Tarter was speaking at a conference about cross-cultural management, and she wanted to give the attendees a greater context for solving the big problems that face us. She suggested that searching for alien life could be a sort of practice project—one that is less divisive but requires the same big-picture thinking as challenges like food shortages and climate change.
"[The search for extraterrestrial intelligence] as an endeavor may, in fact, need to be multi-, multi-generational before we figure out the right thing to look for," she told Newsweek. "This cosmic perspective is really something that we all need to adopt."
For Tarter, the 2100 date reflects a prediction made in a 2004 scientific paper that science of this century would be dominated by biology, just as the one prior was dominated by physics. "I think we see that already playing out in spades," she said—and she says taking that beyond Earth itself is only natural.

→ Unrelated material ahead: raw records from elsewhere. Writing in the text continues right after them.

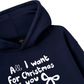 All I Want  Hoodie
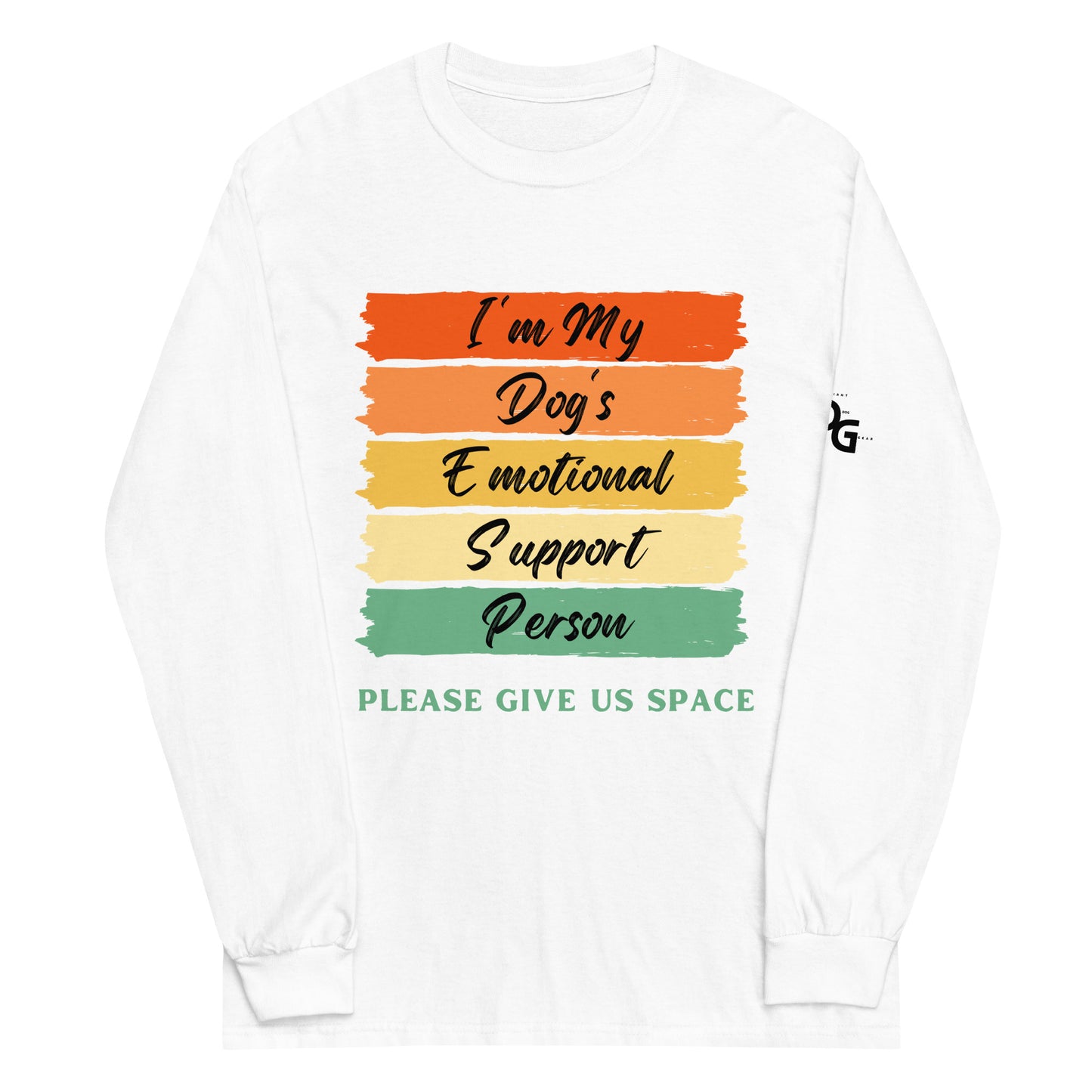 I'm My Dog's Emotional Support Person Long Sleeve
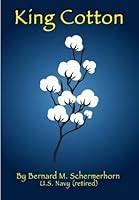 King Cotton 0964430452 Book Cover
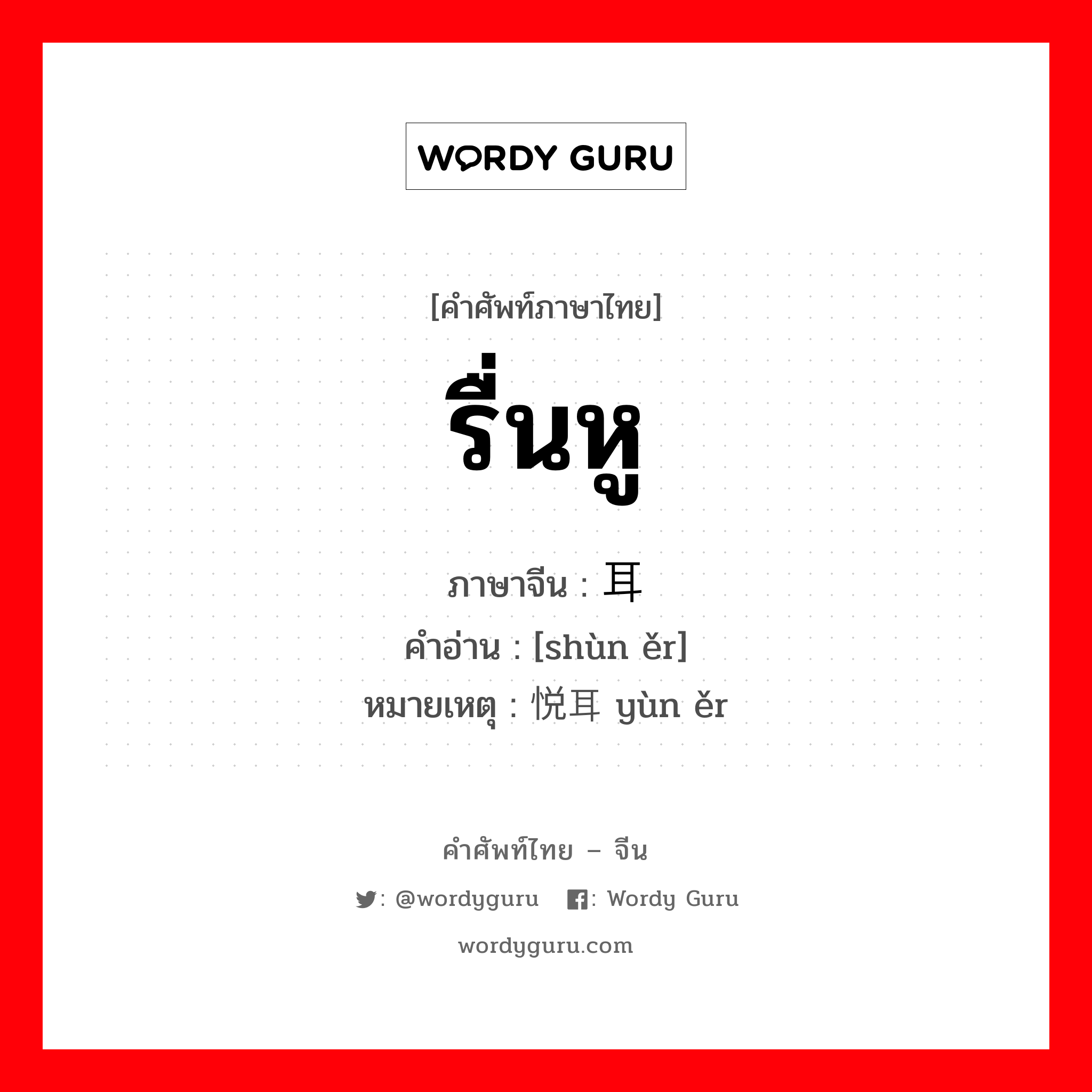 รื่นหู ภาษาจีนคืออะไร, คำศัพท์ภาษาไทย - จีน รื่นหู ภาษาจีน 顺耳 คำอ่าน [shùn ěr] หมายเหตุ 悦耳 yùn ěr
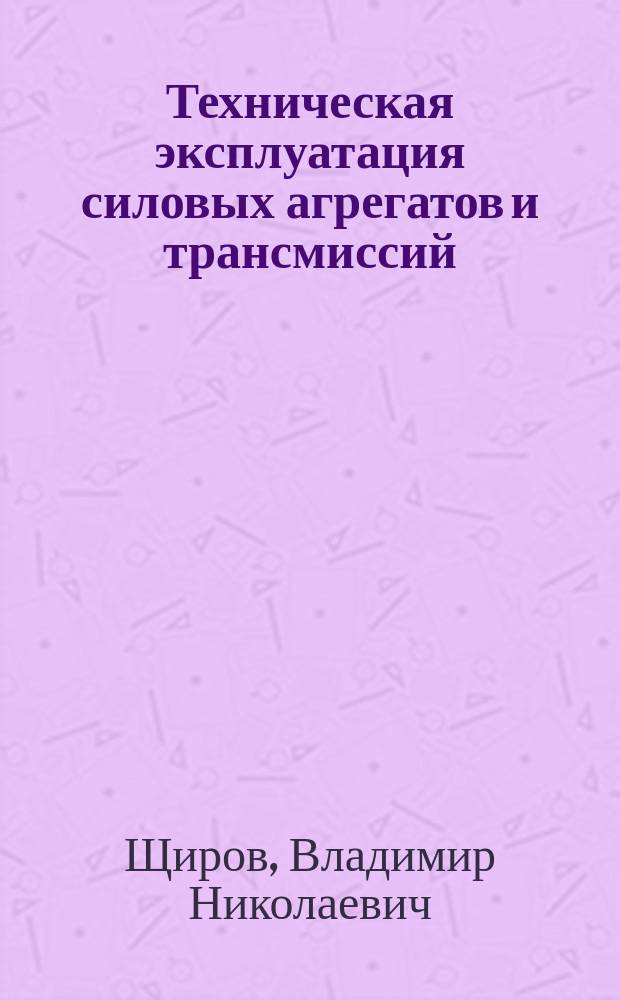 Техническая эксплуатация силовых агрегатов и трансмиссий : лабораторный практикум : учебное пособие для студентов вузов, обучающихся по специальности "Сервис транспортных и технологических машин и оборудования (Автомобильный транспорт)" направления подготовки "Эксплуатация наземного транспорта и транспортного оборудования"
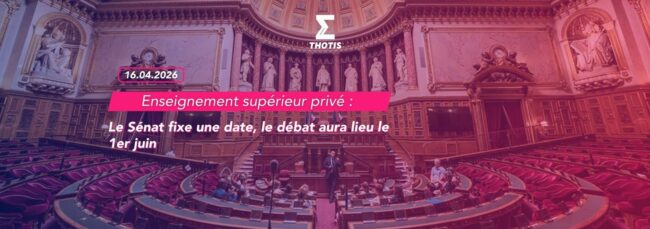 Enseignement supérieur privé le Sénat fixe une date, le débat aura lieu le 1er juin 2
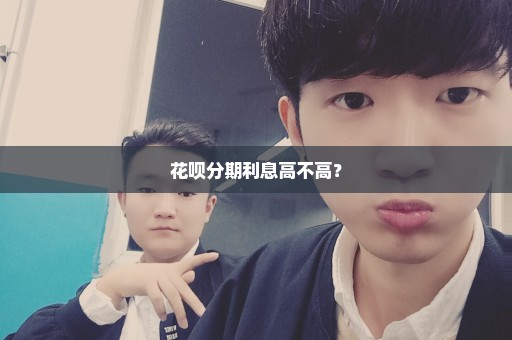 花呗分期利息高不高？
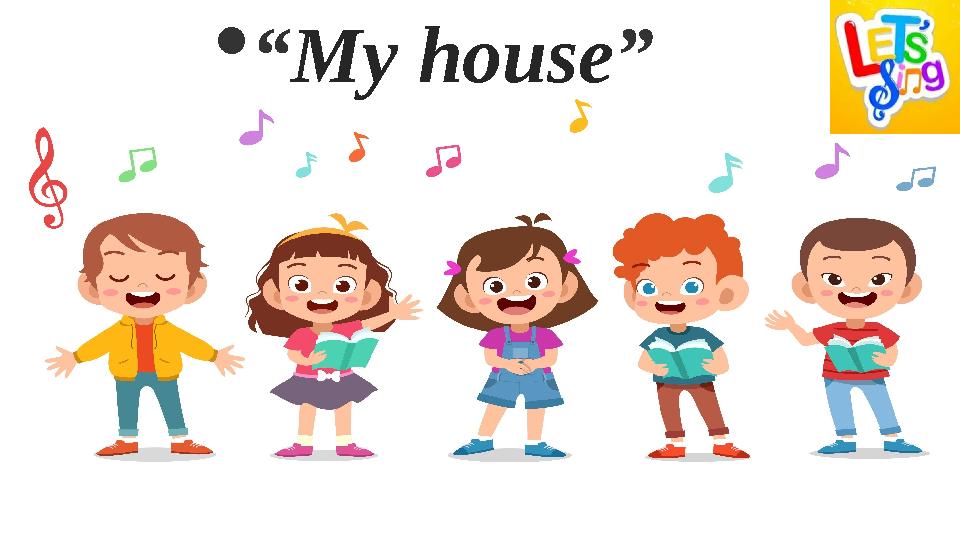  “ My house ”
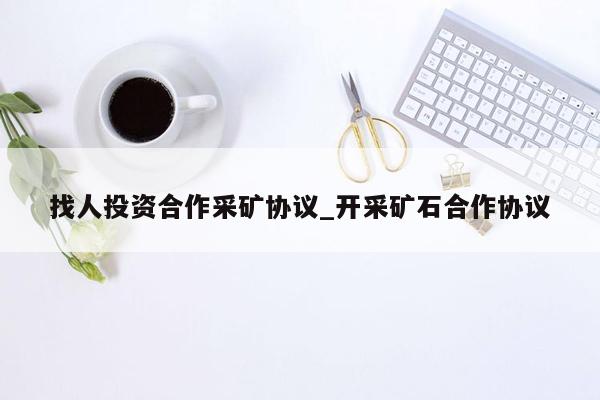 找人投资合作采矿协议_开采矿石合作协议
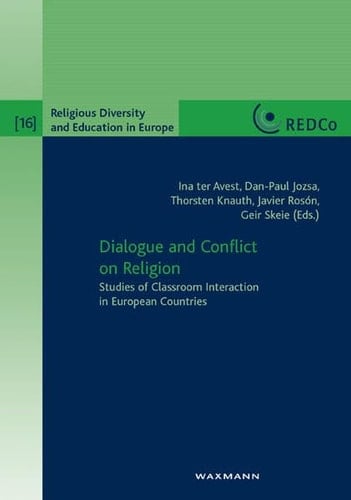Dialogue and Conflict on Religion Studies of Classroom Interaction in European Countries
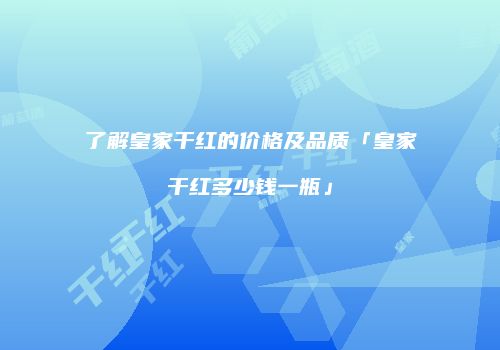 了解皇家干红的价格及品质「皇家干红多少钱一瓶」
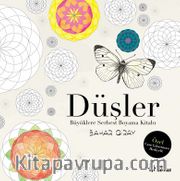 Düşler <br /> Büyüklere Serbest Boyama Kitabı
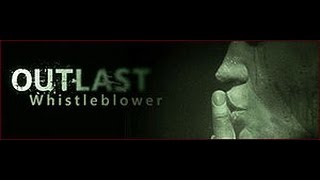 Outlast: Whistleblower:Маленькие Баги В Анимации И Секретные Локации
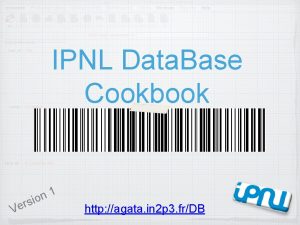 IPNL Data Base Cookbook s r Ve 1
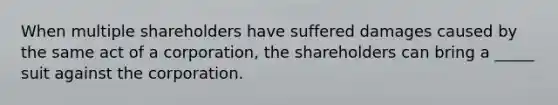 When multiple shareholders have suffered damages caused by the same act of a corporation, the shareholders can bring a _____ suit against the corporation.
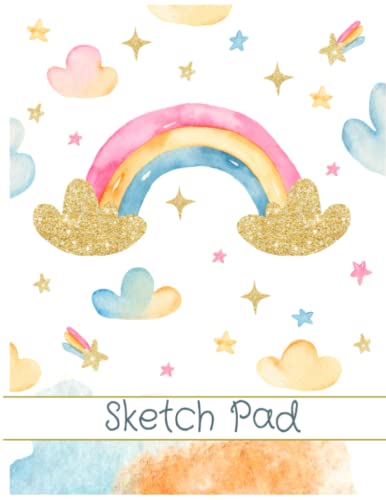 Sketchbook: Cute Rainbow & Unicorn Large Blank Sketchbook For Girls, 120 Pages, 8.5" x 11", For Drawing, Sketching & Crayon Coloring (Kids Drawing Books)
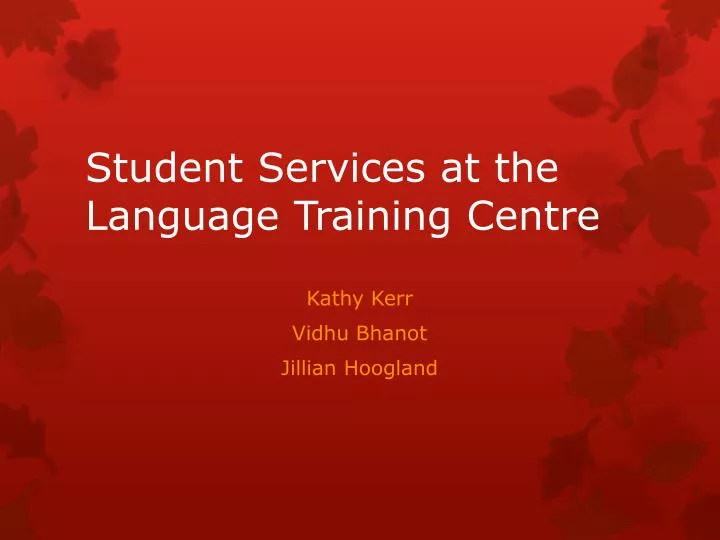 student services at the language training centre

But there's a big if: Tarter says the biggest challenge is securing the funding needed to see a field through multiple scientific generations. That's been particularly hard for scientists looking for technological signals, rather than focusing on simpler, single-celled life. She thinks success will also depend on adopting new technologies that could revolutionize how scientists search, like using neural networks to process data in new ways.
"Instead of us telling the computers what artifacts and signal types to look for, the machines will be smart enough and fast enough to tell us what's in the data that isn't noise," Tarter said. "It's a big ocean and we're just sticking our toe into it, but it's clearly the way to go."